I've seen this question on many different forums, but I have yet to see it answered properly. There are a few that may work for some people, but they are ridiculously overcomplicated. I found out the solution myself, so please check the answer if you are interested in finding the solution for this.
The answer: you extract the color for each character via the processTextPosition() method in the PDFTextStripper class.
For the color to be extracted, the constructor in PDFTextStripper needs to be overwritten so that it has more operators to extract color from the text, as this initially is not a feature within the default PDFTextStripper.

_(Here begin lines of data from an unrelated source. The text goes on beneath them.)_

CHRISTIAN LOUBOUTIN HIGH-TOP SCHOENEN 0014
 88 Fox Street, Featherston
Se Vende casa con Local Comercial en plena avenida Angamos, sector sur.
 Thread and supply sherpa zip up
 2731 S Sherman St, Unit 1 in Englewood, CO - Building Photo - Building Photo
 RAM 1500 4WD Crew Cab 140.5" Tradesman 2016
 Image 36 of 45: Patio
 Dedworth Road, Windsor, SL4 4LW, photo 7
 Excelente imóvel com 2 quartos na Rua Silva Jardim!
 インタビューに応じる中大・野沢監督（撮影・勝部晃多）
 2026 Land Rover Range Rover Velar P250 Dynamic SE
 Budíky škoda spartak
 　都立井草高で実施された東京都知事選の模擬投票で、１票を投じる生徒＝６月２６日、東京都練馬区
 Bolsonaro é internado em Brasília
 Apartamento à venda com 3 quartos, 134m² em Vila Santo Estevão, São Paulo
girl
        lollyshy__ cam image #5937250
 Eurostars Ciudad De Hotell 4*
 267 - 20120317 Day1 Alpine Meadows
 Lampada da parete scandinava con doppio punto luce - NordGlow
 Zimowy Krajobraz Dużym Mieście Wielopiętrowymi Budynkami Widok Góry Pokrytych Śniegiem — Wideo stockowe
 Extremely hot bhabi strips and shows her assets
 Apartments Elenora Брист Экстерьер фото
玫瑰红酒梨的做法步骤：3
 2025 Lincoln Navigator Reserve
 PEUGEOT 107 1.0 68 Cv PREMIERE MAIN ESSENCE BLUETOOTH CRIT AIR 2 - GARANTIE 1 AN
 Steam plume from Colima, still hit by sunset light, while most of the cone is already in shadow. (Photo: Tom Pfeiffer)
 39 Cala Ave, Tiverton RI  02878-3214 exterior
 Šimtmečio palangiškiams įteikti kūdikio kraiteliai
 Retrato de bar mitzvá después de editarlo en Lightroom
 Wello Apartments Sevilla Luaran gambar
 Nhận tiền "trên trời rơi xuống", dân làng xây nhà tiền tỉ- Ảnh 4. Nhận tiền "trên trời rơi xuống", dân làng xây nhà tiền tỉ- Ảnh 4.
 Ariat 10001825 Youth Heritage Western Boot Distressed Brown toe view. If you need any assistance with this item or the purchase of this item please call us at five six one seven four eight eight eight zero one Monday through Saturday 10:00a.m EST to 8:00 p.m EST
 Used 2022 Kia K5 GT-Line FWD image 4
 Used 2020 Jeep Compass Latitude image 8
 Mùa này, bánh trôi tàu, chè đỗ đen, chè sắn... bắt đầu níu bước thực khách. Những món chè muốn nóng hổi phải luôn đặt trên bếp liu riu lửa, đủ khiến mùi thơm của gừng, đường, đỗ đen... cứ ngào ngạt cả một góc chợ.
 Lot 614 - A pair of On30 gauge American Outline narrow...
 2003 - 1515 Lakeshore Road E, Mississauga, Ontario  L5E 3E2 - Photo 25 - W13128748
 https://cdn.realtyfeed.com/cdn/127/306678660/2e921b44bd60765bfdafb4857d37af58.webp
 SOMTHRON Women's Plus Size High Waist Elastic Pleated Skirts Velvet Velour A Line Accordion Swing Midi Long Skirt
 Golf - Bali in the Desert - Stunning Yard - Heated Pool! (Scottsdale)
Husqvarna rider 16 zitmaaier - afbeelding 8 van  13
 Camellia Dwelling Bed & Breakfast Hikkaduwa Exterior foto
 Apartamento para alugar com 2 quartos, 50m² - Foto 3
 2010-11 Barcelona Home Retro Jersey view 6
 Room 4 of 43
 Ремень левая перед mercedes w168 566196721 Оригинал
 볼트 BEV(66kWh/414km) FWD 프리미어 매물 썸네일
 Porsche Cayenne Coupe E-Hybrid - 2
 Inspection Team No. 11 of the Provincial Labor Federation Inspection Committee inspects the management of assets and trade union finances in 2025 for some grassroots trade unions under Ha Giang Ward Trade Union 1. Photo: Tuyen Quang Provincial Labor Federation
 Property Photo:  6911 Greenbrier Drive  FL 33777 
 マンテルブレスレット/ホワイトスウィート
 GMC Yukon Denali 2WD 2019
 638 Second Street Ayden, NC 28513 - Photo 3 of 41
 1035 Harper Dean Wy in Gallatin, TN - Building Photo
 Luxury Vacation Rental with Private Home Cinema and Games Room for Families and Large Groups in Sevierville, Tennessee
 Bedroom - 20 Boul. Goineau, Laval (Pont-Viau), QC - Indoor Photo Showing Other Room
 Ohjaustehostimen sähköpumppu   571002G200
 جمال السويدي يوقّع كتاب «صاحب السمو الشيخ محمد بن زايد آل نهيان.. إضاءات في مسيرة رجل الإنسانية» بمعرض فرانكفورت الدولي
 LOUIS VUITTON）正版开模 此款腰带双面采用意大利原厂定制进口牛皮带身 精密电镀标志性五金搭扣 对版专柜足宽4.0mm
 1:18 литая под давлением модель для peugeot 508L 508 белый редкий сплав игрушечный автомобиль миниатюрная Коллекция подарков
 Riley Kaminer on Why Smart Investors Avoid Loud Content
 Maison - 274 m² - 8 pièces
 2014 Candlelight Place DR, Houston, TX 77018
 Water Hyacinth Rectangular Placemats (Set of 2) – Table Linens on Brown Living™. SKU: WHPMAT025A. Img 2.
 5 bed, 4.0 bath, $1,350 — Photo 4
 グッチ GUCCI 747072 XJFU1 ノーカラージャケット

Check https://pdfbox.apache.org/2.0/migration.html under Text Extraction for more information. From that link, we find the operators to add to PDFTextStripper's overwritten constructor:
addOperator(new SetStrokingColorSpace());
addOperator(new SetNonStrokingColorSpace());
addOperator(new SetStrokingDeviceCMYKColor());
addOperator(new SetNonStrokingDeviceCMYKColor());
addOperator(new SetNonStrokingDeviceRGBColor());
addOperator(new SetStrokingDeviceRGBColor());
addOperator(new SetNonStrokingDeviceGrayColor());
addOperator(new SetStrokingDeviceGrayColor());
addOperator(new SetStrokingColor());
addOperator(new SetStrokingColorN());
addOperator(new SetNonStrokingColor());
addOperator(new SetNonStrokingColorN());
We can then add a boolean to our new subclass which will be set to true every time a new line is started while the text is being processed:
public class PDFTextStripperSuper extends PDFTextStripper {
boolean newLine = true;
public PDFTextStripperSuper() throws IOException {
addOperator(new SetStrokingColorSpace());
addOperator(new SetNonStrokingColorSpace());
addOperator(new SetStrokingDeviceCMYKColor());
addOperator(new SetNonStrokingDeviceCMYKColor());
addOperator(new SetNonStrokingDeviceRGBColor());
addOperator(new SetStrokingDeviceRGBColor());
addOperator(new SetNonStrokingDeviceGrayColor());
addOperator(new SetStrokingDeviceGrayColor());
addOperator(new SetStrokingColor());
addOperator(new SetStrokingColorN());
addOperator(new SetNonStrokingColor());
addOperator(new SetNonStrokingColorN());
}
@Override
protected void startPage(PDPage page) throws IOException {
newLine = true;
super.startPage(page);
}
@Override
protected void writeLineSeparator() throws IOException {
newLine = true;
super.writeLineSeparator();
}
}
So now we have a text processor that is ready to extract each line of text as well as the character colors. To implement this, all we have to do is overwrite the writeString() method to get each line of text, as well as overwrite the processTextPosition() method to get the color of each character:
public class DocAnalyzer {
public DocAnalyzer(PDDocument doc) throws IOException {
ArrayList<String> lines = new ArrayList<>();
ArrayList<PDColor> charColors = new ArrayList<>();
PDFTextStripperSuper tp = new PDFTextStripperSuper() {
@Override
protected void writeString(String text, List<TextPosition> textPositions)
throws IOException {
if (newLine) {
lines.add(text);
newLine = false;
}
super.writeString(text, textPositions);
}
@Override
protected void processTextPosition(TextPosition text) {
super.processTextPosition(text);
charColors.add(getGraphicsState().getNonStrokingColor());
}
};
tp.getText(doc);//processes the text and adds to our lists
}
}
There you have it! All the colors of the text should be in your charColors list. That's all the help I'm giving you ;)!